Output only the lines of the entries that follow, starting at the one with "Pièces) – Image 3" and running down to the one with "Паштет з курячої печінки", both included and unchanged.

☆ ☆ ☆ ☆

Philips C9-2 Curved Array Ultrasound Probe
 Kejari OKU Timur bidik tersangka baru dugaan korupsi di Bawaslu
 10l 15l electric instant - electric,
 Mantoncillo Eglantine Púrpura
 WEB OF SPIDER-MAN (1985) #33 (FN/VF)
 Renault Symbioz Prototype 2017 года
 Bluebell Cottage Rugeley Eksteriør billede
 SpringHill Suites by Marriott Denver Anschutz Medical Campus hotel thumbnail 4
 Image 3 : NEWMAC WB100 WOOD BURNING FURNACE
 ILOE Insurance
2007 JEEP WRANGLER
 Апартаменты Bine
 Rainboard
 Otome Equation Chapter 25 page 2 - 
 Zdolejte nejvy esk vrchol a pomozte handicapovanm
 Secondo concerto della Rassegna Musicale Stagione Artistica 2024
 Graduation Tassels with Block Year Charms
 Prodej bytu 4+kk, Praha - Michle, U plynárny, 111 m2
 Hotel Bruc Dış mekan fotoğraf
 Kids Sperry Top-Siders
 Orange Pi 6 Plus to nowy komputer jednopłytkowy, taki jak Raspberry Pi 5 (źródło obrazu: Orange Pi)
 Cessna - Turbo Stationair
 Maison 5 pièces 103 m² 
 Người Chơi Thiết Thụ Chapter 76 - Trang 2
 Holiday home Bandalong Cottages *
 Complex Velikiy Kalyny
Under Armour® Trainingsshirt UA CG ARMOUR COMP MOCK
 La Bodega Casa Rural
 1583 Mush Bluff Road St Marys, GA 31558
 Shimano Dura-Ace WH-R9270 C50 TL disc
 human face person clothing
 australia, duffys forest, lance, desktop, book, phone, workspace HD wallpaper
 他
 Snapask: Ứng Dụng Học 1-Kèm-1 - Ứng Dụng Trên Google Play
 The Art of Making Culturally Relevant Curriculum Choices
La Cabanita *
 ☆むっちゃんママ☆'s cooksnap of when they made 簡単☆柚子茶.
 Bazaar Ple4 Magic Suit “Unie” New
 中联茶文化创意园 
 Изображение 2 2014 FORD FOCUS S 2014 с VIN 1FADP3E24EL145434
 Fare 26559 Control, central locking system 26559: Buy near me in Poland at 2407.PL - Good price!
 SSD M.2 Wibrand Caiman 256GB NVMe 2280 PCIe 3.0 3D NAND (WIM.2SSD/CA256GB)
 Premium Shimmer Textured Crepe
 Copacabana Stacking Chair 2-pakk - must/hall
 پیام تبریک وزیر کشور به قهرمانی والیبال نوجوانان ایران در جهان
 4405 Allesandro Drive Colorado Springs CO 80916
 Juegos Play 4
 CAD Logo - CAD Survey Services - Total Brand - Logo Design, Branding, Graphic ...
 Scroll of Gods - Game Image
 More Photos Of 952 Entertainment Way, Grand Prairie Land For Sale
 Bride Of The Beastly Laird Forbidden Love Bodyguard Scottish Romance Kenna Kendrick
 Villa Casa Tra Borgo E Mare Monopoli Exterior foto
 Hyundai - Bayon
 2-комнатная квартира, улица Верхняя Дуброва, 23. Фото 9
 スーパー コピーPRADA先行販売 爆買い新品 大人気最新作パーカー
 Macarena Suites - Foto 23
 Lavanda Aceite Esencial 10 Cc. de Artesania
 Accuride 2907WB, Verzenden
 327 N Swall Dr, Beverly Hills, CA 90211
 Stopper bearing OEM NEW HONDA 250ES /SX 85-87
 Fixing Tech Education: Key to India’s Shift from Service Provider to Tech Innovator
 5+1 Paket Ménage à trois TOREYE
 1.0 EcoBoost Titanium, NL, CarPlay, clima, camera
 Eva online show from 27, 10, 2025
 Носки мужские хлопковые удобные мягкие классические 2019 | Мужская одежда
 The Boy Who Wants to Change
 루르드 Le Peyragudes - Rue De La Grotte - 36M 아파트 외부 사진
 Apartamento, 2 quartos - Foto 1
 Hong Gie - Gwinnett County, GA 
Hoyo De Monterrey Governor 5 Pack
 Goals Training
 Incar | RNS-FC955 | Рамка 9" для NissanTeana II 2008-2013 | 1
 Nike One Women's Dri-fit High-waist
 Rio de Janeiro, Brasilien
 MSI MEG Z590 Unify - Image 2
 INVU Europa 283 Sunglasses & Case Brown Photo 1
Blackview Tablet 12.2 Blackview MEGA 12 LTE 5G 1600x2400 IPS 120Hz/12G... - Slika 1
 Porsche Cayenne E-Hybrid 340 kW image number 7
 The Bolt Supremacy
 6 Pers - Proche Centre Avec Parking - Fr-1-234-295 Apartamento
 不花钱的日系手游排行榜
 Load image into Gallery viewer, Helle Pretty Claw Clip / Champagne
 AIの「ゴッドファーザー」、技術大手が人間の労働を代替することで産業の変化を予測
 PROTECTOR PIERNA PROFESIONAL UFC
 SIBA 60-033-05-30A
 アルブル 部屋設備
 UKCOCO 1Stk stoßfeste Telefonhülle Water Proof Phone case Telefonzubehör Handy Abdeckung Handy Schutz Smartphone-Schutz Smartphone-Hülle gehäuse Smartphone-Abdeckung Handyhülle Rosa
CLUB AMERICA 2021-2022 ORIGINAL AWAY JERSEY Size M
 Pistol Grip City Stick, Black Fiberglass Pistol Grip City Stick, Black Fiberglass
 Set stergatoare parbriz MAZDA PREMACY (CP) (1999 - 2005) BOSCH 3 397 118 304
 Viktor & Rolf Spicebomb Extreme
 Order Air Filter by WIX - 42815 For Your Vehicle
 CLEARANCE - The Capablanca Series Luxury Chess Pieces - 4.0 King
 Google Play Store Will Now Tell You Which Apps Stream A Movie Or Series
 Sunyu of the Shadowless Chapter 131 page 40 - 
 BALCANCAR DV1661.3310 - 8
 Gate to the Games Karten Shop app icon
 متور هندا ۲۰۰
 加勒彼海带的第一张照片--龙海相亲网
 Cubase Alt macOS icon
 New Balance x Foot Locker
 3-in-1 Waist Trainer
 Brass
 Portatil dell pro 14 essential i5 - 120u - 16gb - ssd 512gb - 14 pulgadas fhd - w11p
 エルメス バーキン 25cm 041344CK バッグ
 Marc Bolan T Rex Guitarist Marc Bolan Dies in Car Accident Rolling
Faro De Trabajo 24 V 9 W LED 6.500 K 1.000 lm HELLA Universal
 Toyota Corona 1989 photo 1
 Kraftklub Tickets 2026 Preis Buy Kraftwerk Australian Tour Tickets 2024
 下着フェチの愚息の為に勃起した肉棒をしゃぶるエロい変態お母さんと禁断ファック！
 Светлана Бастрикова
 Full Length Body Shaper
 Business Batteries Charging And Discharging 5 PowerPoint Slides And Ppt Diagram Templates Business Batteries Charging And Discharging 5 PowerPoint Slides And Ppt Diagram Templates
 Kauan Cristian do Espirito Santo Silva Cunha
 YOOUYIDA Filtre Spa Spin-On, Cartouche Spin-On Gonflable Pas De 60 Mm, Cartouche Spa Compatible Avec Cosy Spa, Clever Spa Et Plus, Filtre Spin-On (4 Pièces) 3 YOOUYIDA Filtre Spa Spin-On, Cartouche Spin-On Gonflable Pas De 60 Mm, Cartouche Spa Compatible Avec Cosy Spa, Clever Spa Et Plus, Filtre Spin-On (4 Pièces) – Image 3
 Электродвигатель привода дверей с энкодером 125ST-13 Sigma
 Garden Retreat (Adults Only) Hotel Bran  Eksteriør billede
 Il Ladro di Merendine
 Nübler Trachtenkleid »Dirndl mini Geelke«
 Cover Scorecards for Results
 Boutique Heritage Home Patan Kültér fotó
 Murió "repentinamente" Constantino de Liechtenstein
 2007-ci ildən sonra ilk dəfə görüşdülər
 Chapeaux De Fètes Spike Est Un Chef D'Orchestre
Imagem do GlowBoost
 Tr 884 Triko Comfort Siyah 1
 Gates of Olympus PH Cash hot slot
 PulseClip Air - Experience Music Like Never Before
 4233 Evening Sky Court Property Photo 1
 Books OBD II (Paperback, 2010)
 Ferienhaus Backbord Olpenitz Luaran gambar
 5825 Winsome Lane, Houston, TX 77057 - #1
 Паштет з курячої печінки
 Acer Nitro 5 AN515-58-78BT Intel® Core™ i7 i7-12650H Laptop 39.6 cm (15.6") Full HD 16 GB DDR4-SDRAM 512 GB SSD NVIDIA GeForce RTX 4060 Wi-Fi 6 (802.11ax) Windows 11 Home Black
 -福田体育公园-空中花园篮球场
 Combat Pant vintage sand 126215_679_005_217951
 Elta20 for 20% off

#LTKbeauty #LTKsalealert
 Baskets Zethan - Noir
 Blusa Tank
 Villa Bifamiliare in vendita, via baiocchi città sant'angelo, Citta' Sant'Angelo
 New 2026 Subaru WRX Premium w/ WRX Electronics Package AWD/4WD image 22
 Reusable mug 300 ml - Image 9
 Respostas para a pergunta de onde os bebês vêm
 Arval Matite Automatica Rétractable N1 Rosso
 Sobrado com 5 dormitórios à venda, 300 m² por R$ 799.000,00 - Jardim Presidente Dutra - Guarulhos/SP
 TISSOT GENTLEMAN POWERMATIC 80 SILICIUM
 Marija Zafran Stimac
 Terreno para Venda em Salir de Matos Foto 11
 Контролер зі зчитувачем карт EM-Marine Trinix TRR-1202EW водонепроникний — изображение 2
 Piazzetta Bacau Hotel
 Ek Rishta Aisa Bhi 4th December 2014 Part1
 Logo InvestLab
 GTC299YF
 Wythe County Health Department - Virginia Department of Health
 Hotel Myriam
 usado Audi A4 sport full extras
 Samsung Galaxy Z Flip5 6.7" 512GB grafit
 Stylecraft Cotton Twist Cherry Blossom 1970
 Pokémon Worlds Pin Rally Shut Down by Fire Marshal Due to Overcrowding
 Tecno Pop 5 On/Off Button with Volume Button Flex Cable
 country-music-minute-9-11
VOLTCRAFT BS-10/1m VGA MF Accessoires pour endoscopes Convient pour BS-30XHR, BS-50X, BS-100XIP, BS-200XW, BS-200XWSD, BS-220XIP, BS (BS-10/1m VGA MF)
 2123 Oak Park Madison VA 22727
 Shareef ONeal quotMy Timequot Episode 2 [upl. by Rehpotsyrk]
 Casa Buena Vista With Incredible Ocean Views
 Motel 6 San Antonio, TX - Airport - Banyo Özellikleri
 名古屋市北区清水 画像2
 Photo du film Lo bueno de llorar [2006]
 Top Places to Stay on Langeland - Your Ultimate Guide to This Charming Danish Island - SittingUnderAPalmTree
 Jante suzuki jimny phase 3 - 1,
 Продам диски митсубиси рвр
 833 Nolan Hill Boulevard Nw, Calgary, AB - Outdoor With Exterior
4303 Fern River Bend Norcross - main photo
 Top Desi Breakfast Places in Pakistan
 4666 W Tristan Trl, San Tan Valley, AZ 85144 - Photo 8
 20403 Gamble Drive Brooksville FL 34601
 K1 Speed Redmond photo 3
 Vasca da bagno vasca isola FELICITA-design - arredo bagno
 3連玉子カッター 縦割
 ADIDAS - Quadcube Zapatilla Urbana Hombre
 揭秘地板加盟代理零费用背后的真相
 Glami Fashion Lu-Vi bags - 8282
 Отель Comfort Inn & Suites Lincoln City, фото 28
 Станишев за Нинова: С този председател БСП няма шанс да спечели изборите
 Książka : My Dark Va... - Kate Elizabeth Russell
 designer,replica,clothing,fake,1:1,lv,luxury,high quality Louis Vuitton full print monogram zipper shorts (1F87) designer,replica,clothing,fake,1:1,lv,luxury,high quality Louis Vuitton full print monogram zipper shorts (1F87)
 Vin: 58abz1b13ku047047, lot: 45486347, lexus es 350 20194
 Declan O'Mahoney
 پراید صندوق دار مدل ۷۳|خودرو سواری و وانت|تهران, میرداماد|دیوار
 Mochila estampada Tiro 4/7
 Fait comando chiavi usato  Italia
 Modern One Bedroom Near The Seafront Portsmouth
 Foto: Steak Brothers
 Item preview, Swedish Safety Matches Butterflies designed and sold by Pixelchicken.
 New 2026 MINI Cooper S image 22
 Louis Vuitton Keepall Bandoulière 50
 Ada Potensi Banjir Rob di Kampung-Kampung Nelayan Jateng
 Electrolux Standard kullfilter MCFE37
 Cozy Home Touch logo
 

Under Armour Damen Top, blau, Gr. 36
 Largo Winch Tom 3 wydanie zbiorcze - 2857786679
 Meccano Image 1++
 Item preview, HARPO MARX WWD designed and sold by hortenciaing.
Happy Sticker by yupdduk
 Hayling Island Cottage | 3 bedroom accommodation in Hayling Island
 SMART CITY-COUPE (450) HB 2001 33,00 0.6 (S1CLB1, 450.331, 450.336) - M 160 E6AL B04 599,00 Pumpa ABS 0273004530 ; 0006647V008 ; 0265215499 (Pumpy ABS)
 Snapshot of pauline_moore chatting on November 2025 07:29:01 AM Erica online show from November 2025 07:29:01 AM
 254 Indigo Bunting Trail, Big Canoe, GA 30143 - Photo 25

☆ ☆ ☆ ☆

■ **Task response**:
 YOOUYIDA Filtre Spa Spin-On, Cartouche Spin-On Gonflable Pas De 60 Mm, Cartouche Spa Compatible Avec Cosy Spa, Clever Spa Et Plus, Filtre Spin-On (4 Pièces) 3 YOOUYIDA Filtre Spa Spin-On, Cartouche Spin-On Gonflable Pas De 60 Mm, Cartouche Spa Compatible Avec Cosy Spa, Clever Spa Et Plus, Filtre Spin-On (4 Pièces) – Image 3
 Электродвигатель привода дверей с энкодером 125ST-13 Sigma
 Garden Retreat (Adults Only) Hotel Bran  Eksteriør billede
 Il Ladro di Merendine
 Nübler Trachtenkleid »Dirndl mini Geelke«
 Cover Scorecards for Results
 Boutique Heritage Home Patan Kültér fotó
 Murió "repentinamente" Constantino de Liechtenstein
 2007-ci ildən sonra ilk dəfə görüşdülər
 Chapeaux De Fètes Spike Est Un Chef D'Orchestre
Imagem do GlowBoost
 Tr 884 Triko Comfort Siyah 1
 Gates of Olympus PH Cash hot slot
 PulseClip Air - Experience Music Like Never Before
 4233 Evening Sky Court Property Photo 1
 Books OBD II (Paperback, 2010)
 Ferienhaus Backbord Olpenitz Luaran gambar
 5825 Winsome Lane, Houston, TX 77057 - #1
 Паштет з курячої печінки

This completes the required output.